Es ist sehr altes Denken, dass Wohlstand und Klimaschutz nicht zusammenpassen. Die neue deutsche Regierung geht ein sehr zukunftsträchtiges Projekt an. Es sind dort nun Wirtschaft und Klimaschutz in einer Hand. Es hat niemand ein Interesse daran, dass es dem Land nicht gut geht. Wir dürfen aber nicht die Lebensqualität unserer Kinder und Enkelkinder riskieren. Die Wissenschaft ist eindeutig. Wenn wir mit den Rezepten der 1970er- Jahre, nämlich mehr Beton und Asphalt, Arbeitsplätze schaffen, machen wir den Planeten kaputt. Wir brauchen für das Wirtschaften ein neues Rezept: mit dem Klimaschutz Arbeitsplätze schaffen. Wir müssen beginnen, wirtschaftlichen Erfolg anders zu denken. Nicht alle Industriellen denken so, wie man es von der Industriellenvereinigung hört. Ich war sehr viel unterwegs.

Wer denkt anders?

Die Junge Industrie. Sie sind extrem offen für den Klimaschutz.

Es geht konkret um die Linzer Ostumfahrung.

Bei uns findet man große Verbündete, um neue Infrastruktur zu bauen. Die grüne Infrastrukturministerin hat ein Bahnausprogramm vorgelegt, das unvergleichbar ist. Das sind 17 Milliarden Euro.
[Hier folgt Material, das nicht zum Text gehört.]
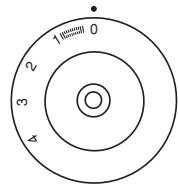 SINGER SIMPLE 3223 - Pour raccommodage - 1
Wenn die Grünen regieren, gibt es überhaupt keinen Straßenbau mehr.

Das stimmt nicht.

Wo wird noch gebaut? Ihre Partei ist doch gegen alle Projekte.

Nein, das stimmt nicht. Wenn man heute eine Hochleistungsschienenstrecke von Prag über Linz nach Graz baut, dann ist das ein Leuchtturmprojekt für 100 Jahre. Durch den Schienenausbau schützt man auch das Klima. Wenn Projekte den Klimazielen widersprechen wie die Ostumfahrung, dann dürfen wir sie nicht mehr bauen. Sonst geht uns der Planet kaputt. Was man an den Unwetterereignissen des vergangenen Jahres sehen kann.

Der neue deutsche grüne Wirtschafts- und Klimaminister Robert Habeck hat gesagt, der Einzelne wird auf Mobilität verzichten müssen, damit die Klimawende gelingen kann. Ist das auch Ihre Meinung?

Viele Menschen erkennen, dass Mobilität eine Frage der Lebensqualität ist. Ich hätte gerne, dass die Menschen nicht in der Früh aufstehen und in die Arbeit stauen. Das ist vergeudete Lebenszeit. Das können wir nur durch attraktive Alternativen verhindern, indem mich ein Bus, ein Zug oder eine Straßenbahn in die Arbeit bringt. Das muss gut, günstig, leistbar und bequem sein. Im Innerörtlichen ist es oft besser, mit dem Rad unterwegs zu sein. Bisweilen ist es auch gefährlich, weil es kaum eine Infrastruktur gibt. Wir Grüne wollen die richtige Infrastruktur. Und nicht immer mehr Straßen.

Wie fahren Sie täglich ins Büro?

Mit einem Elektroauto.

Dafür benötigen Sie Straßen.

Ich bin Regierungsmitglied und habe das Privileg eines Dienstwagens mit Chauffeur. Weil ich sehr viel im Auto arbeite. Ich bin aber das einzige Regierungsmitglied mit einem Elektroauto.